**ASSIGNMENT:** Your answer must consist solely of the lines from the start of the entries below through the line with "Arm E Croate", unchanged.

**RECORDED INFORMATION:**
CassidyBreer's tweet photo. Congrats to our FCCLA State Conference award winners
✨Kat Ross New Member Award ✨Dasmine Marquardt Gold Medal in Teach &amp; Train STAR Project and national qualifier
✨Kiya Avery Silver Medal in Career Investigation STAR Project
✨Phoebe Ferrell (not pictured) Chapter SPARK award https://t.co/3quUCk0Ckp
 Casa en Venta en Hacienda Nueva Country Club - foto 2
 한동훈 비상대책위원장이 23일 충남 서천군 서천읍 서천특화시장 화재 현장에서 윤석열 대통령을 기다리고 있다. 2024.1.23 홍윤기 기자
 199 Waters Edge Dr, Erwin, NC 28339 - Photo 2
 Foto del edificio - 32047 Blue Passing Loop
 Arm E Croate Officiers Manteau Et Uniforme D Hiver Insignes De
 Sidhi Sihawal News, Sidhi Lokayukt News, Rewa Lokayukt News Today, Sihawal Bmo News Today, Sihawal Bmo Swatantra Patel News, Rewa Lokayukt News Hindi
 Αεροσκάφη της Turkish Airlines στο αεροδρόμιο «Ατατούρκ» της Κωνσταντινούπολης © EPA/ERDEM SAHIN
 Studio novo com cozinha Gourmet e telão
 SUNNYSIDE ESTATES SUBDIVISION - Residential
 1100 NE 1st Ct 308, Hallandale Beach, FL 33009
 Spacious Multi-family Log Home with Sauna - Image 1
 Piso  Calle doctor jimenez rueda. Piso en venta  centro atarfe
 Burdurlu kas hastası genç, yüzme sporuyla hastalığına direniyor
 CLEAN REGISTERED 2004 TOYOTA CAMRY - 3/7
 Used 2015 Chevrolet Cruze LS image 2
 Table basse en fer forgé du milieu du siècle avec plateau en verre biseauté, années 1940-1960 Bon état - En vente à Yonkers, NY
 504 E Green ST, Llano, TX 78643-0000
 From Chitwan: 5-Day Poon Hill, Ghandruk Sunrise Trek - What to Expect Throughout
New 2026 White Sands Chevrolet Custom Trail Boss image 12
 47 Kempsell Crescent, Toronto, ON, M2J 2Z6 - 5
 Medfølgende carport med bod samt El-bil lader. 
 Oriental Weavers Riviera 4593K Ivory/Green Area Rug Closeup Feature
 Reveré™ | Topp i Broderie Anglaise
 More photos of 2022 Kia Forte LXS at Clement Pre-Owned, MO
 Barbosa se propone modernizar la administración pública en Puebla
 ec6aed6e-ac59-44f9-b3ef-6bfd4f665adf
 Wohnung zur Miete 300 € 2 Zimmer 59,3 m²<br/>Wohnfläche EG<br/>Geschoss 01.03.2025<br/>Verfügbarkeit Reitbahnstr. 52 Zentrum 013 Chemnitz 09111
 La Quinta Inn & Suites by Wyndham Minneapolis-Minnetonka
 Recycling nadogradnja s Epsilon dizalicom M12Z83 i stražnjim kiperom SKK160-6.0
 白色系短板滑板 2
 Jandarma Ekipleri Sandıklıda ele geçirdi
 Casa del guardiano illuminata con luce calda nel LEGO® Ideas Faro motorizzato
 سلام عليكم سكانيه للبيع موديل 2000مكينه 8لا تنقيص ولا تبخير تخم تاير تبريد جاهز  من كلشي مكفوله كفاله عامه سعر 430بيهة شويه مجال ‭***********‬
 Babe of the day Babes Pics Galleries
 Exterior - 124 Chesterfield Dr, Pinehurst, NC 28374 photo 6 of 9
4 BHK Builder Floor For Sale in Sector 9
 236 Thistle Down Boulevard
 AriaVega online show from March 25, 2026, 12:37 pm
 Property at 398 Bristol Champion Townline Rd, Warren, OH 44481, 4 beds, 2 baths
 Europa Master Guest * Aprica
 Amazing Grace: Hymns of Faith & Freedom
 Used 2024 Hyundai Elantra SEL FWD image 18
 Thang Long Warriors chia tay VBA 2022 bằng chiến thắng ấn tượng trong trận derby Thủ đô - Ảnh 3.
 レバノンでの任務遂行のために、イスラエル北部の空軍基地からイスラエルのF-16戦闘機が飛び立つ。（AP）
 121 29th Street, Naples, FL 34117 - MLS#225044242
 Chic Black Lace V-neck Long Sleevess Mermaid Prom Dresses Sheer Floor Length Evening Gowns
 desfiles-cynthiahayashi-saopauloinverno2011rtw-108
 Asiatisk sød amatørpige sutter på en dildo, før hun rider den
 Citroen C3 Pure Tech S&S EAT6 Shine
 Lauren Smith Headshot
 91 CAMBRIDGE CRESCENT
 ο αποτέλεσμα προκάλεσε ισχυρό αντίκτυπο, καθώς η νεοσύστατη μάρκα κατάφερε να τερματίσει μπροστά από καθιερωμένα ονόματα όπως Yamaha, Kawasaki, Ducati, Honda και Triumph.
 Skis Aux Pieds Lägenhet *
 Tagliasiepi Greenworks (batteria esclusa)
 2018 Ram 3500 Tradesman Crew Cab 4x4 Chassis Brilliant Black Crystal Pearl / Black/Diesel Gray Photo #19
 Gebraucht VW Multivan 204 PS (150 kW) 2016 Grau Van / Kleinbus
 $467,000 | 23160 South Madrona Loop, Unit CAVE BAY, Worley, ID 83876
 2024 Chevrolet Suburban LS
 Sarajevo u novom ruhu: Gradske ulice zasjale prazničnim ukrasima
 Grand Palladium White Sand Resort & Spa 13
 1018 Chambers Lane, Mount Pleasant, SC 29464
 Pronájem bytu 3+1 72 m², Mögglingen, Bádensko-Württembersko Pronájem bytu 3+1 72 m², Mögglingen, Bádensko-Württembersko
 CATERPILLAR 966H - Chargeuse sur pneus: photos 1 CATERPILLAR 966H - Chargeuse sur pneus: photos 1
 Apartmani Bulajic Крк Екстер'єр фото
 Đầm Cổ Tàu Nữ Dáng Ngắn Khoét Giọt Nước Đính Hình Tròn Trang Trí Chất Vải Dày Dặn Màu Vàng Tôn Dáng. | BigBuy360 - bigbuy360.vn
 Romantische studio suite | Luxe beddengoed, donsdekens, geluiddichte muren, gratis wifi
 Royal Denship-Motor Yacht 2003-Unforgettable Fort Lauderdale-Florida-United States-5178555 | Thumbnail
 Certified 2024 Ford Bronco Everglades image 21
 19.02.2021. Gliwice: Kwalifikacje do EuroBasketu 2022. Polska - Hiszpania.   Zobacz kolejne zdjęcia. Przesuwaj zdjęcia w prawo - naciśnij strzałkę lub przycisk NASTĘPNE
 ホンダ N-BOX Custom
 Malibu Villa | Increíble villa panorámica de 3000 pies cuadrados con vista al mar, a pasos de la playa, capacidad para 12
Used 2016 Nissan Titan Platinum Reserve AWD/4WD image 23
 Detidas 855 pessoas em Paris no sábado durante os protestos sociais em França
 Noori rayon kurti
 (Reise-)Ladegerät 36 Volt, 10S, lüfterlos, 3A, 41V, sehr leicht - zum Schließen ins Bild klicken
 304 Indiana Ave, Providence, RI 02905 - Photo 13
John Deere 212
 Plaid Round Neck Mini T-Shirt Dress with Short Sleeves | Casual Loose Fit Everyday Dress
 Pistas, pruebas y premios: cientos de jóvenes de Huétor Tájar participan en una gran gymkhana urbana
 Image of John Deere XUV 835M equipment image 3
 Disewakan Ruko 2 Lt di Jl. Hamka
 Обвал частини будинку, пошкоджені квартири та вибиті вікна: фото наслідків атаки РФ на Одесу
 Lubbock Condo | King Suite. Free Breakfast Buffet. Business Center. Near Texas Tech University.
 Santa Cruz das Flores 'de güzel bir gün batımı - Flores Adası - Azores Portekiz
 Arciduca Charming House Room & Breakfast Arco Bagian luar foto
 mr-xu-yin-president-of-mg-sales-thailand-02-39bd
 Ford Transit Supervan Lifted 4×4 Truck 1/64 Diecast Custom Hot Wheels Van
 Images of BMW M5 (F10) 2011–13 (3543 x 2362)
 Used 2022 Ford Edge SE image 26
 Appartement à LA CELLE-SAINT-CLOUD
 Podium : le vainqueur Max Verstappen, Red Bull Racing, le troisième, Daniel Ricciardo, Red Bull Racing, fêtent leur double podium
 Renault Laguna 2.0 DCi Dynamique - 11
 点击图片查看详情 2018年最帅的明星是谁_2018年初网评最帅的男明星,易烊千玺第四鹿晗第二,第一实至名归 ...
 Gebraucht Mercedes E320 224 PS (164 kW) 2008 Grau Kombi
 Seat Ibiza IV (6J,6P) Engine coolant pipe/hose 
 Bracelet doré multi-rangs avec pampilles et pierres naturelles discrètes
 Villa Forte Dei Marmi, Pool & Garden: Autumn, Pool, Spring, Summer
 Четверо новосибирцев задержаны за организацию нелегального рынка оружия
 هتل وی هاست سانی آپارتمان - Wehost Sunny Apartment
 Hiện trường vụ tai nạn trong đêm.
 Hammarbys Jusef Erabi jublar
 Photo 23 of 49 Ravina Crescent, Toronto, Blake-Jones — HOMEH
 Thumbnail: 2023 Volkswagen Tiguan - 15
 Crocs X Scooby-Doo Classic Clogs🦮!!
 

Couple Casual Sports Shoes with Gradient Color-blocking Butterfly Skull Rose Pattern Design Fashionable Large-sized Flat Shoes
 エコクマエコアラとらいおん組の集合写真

**RESPONSE FOR THIS EXERCISE:**
CassidyBreer's tweet photo. Congrats to our FCCLA State Conference award winners
✨Kat Ross New Member Award ✨Dasmine Marquardt Gold Medal in Teach &amp; Train STAR Project and national qualifier
✨Kiya Avery Silver Medal in Career Investigation STAR Project
✨Phoebe Ferrell (not pictured) Chapter SPARK award https://t.co/3quUCk0Ckp
 Casa en Venta en Hacienda Nueva Country Club - foto 2
 한동훈 비상대책위원장이 23일 충남 서천군 서천읍 서천특화시장 화재 현장에서 윤석열 대통령을 기다리고 있다. 2024.1.23 홍윤기 기자
 199 Waters Edge Dr, Erwin, NC 28339 - Photo 2
 Foto del edificio - 32047 Blue Passing Loop
 Arm E Croate Officiers Manteau Et Uniforme D Hiver Insignes De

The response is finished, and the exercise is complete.